目だけでそう告げてくるクレーラから視線を逸らす事ができない。確かにその通りだからこそ、余計 だった。
(それに、今ここから逃げても、城から出れるわけじゃないし)
状況など何一つ変わらない。それなら今更入るのを躊躇ってもしょうがないとなるべく冷静に見切り をつけ、エルファは大層な覚悟を持ってクレーラより先に部屋に入る。
ベランダのために壁一面が広めの入り口がある"誓いの間"は、 窓が極端に少ない廊下とは対照的にひどく明るかった。
その眩しさに目を細めたエルファは、どこか感慨深い思い出周りを見渡す。
十数日前の出来事が鮮明に蘇る。狼狽からはじまり、悲しみ怒りとあらゆる感情がたったの数分で 過ぎ去った場所だった事を思い出すといまだ複雑だが、無理やり感情にふたをした。
今更恨み言を言ったところで、いつもどおりのエルファの日常は完璧に戻ってこないのだから。
(そういえば)
廊下でも、この部屋の中でもバルコニーでも、しつこく言われた言葉があった。
"心配しなくてもいい。おまえには俺がいる。おまえは、覚悟だけ決めればいい"
"後は俺が、全身全霊でおまえを護る"
"覚悟さえ決めればいい。後は俺が、お前を必ず護るから"
「―――っ」
あの時は混乱の波に飲まれてただただ聞き流していたが、なんと大胆な言葉だろう。
その言葉にいかほどの真摯さがあるのかは図りがたいが、それでも軽薄に聞こえなかったと思う のは、一昨日の数分間の交流があったからか。
顔中を赤く染めて、エルファはふるふると首を横に振った。
「エルファ?大丈夫?」
「だ、大丈夫です!」
にやにやとした先輩メイドの声さえ振り払うように力強く肯定して、エルファはまっすぐにクレーラ へと視線を向けた。
「この部屋の先って…?」
「あぁ、そこに扉あるでしょう」
(扉?)
そんなものがあったろうかと眉をひそめてエルファは注意深くあたりを見渡す。
クレーラの言いようからすると部屋の入り口をさすものとはまた別のものなのだろうが、 いかんせんこの前は部屋の内部を中止する気力も余裕も無かったから、エルファには心覚えが全く ない。

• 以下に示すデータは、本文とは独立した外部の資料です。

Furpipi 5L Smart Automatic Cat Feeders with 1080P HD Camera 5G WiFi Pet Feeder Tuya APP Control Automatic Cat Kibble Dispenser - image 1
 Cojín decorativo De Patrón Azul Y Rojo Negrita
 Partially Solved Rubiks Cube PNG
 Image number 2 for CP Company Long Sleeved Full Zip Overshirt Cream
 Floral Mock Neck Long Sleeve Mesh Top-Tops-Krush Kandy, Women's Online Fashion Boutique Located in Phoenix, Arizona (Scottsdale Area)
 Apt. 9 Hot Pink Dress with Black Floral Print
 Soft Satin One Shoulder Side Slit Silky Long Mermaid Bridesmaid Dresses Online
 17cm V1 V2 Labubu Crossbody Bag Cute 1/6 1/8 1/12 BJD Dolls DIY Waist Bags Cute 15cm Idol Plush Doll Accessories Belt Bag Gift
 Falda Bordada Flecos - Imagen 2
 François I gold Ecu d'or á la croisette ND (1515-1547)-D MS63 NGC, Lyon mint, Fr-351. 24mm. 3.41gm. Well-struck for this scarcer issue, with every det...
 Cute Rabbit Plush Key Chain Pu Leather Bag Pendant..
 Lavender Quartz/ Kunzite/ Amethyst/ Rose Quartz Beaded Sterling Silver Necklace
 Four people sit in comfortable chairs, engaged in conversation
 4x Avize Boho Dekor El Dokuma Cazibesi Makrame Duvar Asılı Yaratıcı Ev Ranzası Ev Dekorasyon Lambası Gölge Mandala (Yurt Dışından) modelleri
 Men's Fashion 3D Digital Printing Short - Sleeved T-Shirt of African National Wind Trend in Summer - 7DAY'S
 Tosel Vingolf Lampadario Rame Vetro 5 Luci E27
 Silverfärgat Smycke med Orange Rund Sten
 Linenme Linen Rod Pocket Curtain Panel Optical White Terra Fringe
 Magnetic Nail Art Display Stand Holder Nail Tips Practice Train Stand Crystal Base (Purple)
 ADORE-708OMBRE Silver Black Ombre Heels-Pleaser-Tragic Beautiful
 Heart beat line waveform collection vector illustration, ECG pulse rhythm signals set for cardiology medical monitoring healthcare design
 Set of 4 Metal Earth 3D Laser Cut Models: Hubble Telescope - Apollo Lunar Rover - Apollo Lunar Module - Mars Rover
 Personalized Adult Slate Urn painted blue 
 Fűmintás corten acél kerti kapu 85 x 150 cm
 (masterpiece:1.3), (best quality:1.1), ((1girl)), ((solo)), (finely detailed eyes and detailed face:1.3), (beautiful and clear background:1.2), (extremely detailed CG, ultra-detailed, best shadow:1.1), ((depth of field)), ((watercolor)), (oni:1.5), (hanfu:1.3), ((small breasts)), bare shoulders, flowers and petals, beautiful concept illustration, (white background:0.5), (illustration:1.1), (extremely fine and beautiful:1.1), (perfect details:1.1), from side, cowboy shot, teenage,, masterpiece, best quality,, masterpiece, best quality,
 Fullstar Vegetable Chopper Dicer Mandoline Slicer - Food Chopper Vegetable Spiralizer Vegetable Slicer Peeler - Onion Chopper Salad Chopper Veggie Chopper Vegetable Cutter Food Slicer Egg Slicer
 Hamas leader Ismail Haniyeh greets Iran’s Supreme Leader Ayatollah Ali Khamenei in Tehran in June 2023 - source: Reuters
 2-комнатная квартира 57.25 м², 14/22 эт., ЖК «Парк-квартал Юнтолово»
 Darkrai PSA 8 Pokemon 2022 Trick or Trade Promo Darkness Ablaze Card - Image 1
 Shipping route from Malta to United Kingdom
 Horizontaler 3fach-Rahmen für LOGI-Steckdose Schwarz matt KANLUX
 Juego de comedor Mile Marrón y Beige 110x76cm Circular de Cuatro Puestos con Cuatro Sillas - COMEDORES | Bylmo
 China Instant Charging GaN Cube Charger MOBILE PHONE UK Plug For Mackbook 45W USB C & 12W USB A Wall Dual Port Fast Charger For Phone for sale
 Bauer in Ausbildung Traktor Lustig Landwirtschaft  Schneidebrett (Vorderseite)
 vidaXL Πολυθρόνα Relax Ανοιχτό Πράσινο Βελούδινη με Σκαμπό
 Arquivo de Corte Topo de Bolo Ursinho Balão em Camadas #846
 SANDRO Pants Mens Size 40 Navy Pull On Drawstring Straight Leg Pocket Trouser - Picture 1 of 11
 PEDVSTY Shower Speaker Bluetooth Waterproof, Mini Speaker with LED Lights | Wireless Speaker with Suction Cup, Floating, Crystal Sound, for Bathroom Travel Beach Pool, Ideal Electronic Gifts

入り口から左手の壁の、ややベランダよりの中央に確かにもう一つ扉がある。 応接用の家具のすぐ傍にあるゆえ入り口からは死角になるものの、別段隠されている様子もない 。それなのに気付けなかったという事が、当時自分がどれだけ追い込まれていたかを表している かのようで、エルファは思わず低く呻いた。
「この扉は―?」
それでも気を取り直して尋ねたエルファに、クレーラは何の感慨もなく言い放った。
「うん?王の執務室。多分奴さんがいるはずだけど、扉は開けちゃだめよ」
いきなりの目的地到着に緊張するよりも前に、 エルファが日常を過ごしてきた環境では到底ありえない単語にめまいを覚える。
ただ一応王たるものが一日の大半を過ごすであろう場所の入り口にしては、質素すぎるし 警備兵一人もいないのはいくらなんでも無防備すぎやしないのか。
そんな事を考えていたエルファは、クレーラが音も無く件の扉へと数歩近づいていくのを戸惑いがち に眺めることしかできなかった。